Başbakan Ahmet Davutoğlu'nun geçen hafta emeklilere ve dar gelirlilere verdiği ucuz konut müjdesi, büyük sevinç yarattı. Kirada oturan emeklileri heyecan sardı.
Emekliler, TOKİ'den 240 ay vadeyle ve 250 lira taksitle ev sahibi olabilecek. Evi olmayan emeklilere, uygun fiyatlarla 2+1 daire alma imkanı sunulacak.

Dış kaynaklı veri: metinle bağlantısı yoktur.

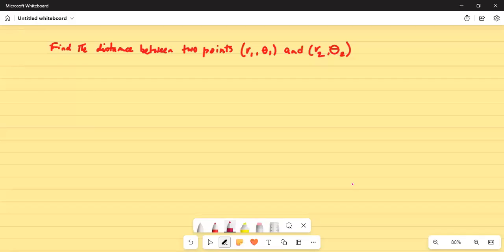Good day everybody, how are you all? Today we are going to find the distance between two points. Find the distance between two points r1 theta1 and r2 theta2.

Bugüne kadar ev sahibi olamayan emekliler için, mimari açıdan en uygun şekilde tasarlanan bu dairelerin büyüklüğü de 75 metrekare olacak.
Emekliler, kira yerine taksit ödeyerek ev sahibi olma hayalini gerçekleştirecek. Ayrıca emekliler bir araya gelerek müracaat ettiği taktirde, TOKİ onlar için yaşadıkları illerde özel projeler hayata geçirecek.
Başta dar gelirli ve emekliler olmak üzere, 250 lira taksitle 2+1 dairelerle hiç konut sahibi olmamış vatandaşlar hedefleniyor. 250, 300, 400 ve 500 lira taksitle kira öder gibi ev sahibi olmak özellikle ülkenin büyük bir çoğunluğunu oluşturan dar gelirli vatandaşlar için umut oldu.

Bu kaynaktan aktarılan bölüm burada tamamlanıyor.